そこで黄家達と燕南希は協力して王侠のチョコボール爆弾を投げ返して誘爆させ、死に際の将軍の一刀でついに討ち取るのだった。だが、最後に黄家達も死んでしまい、その後の燕南希の消息は頑として知れない。その後、片腕の無い年老いた尼が、少年少女たちに武術を教えていたという…。
▼本作の監督は金翁という人で、『猴[馬付]馬』(後日紹介)などでも安定した(ヒネリのない)作風だったが、その『猴[馬付]馬』でも黄家達は主演という割にはあまり目立っていなかった。本作もテロップは黄家達が先だったのに、ひょっとして金翁さんは黄家達が嫌いなのか?

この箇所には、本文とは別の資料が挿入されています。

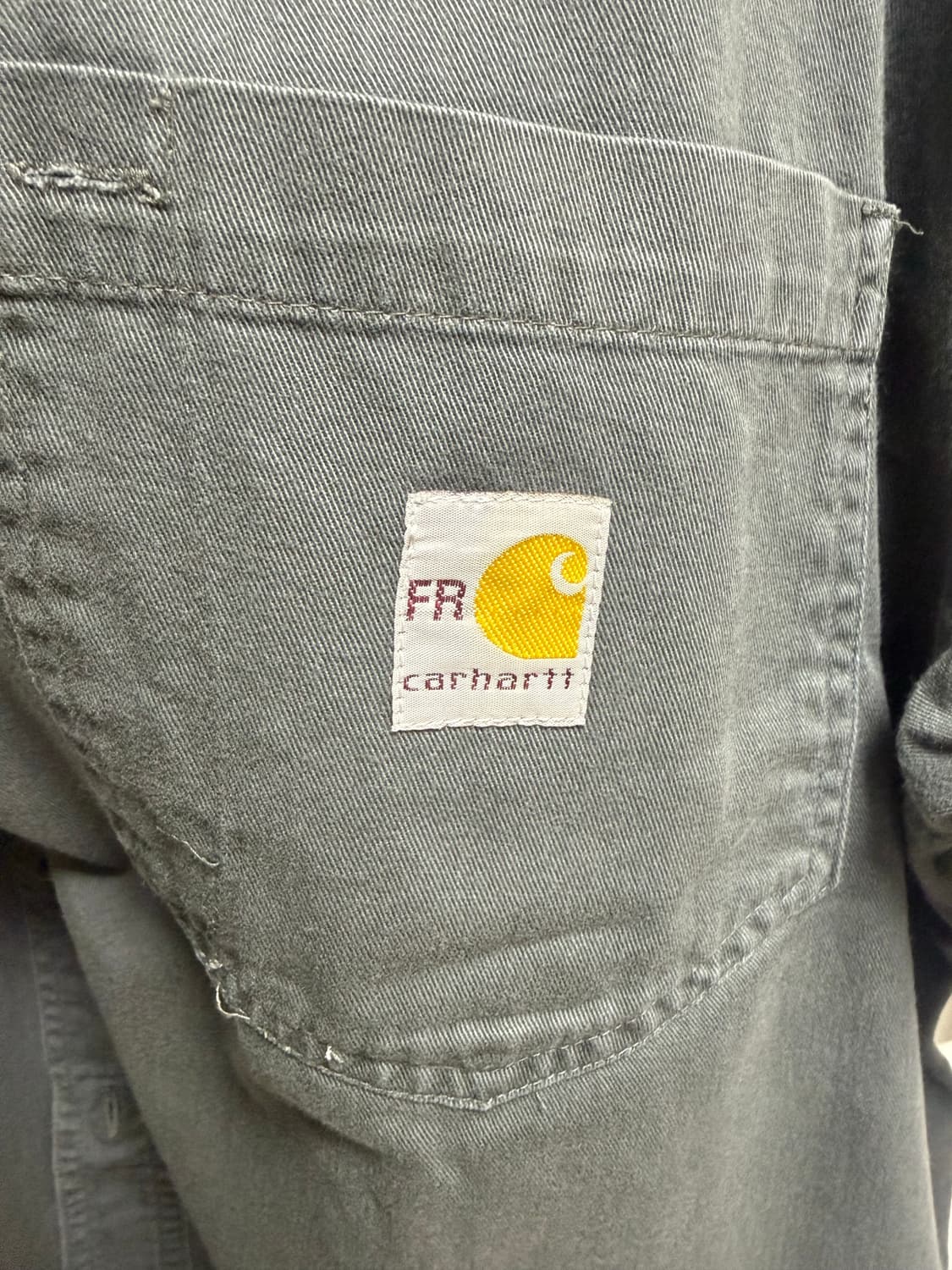 칼하트 반팔 셔츠 상품이미지3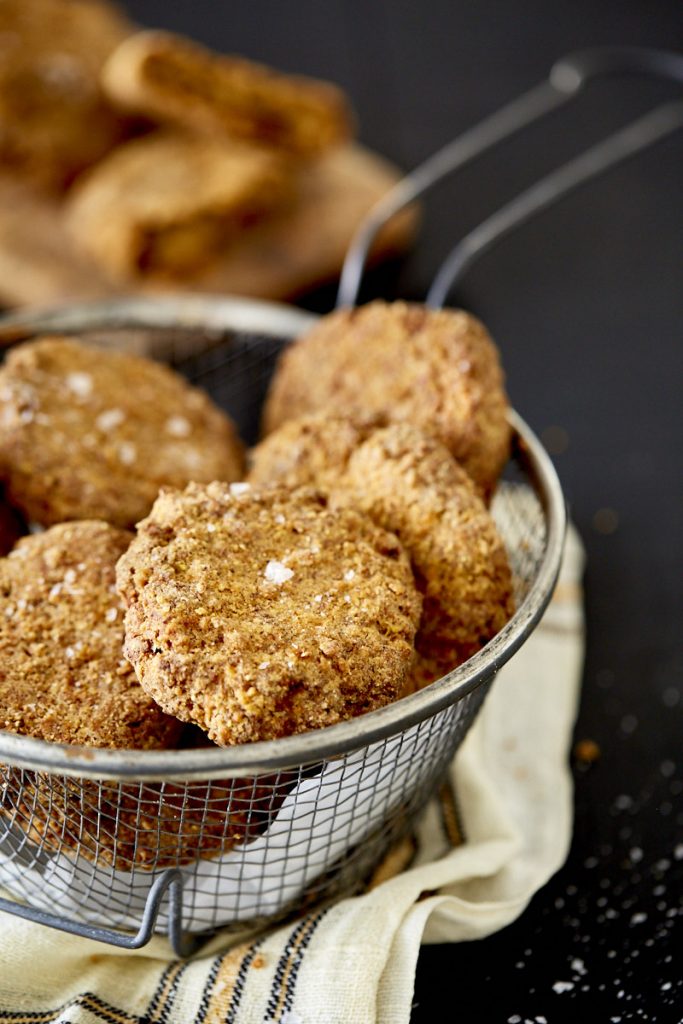 Gluten-Free, Vegan Southern Fried Chicken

従って、実際の主演は燕南希だ。彼女は『ドラゴン太極拳』などで活躍している台湾の女優さんで、よく郭南宏(ジョセフ・クオ)作品に顔を出している。その燕南希さんは世にも珍しい女獨臂刀!というキャラクターで頑張っているが、いかんせん劇中では出番のわりに強そうには見えなかった。
本作の問題点として、一番活躍しなければならない燕南希が弱いせいでいつも誰かに守られていなければならず、確かにヒロインとしてはそれが正しい立ち位置かもしれないが、それでもあまりに仲間たちが倒れすぎな気もした。その他、ただの精肉屋だった黄家達がいきなり五獣拳を使ったりと、唐突な描写もいくつか目立っている。"李自成"の死も史実とは違っていたりするが、これはご愛嬌か。
ところで、本作で1番の注目どころといえば、やはり石天さんだろう。何しろ今回の石天さんは学者(だと思う)!しかもいつものイジワルで小悪党なキャラではなく、レビュー中にもあったとおりの実に誠実な人物として登場しているのだ!最初のあたりで燕南希を助けたりと、正体を明かすまでは「本当にコレ石天さんか!?」と思うぐらいのカッコいい役だ!最終的には燕南希を騙す悪者ではあったが、最後までカッコ悪いとこは1つも無し!
これは石天ファンは要チェックかも。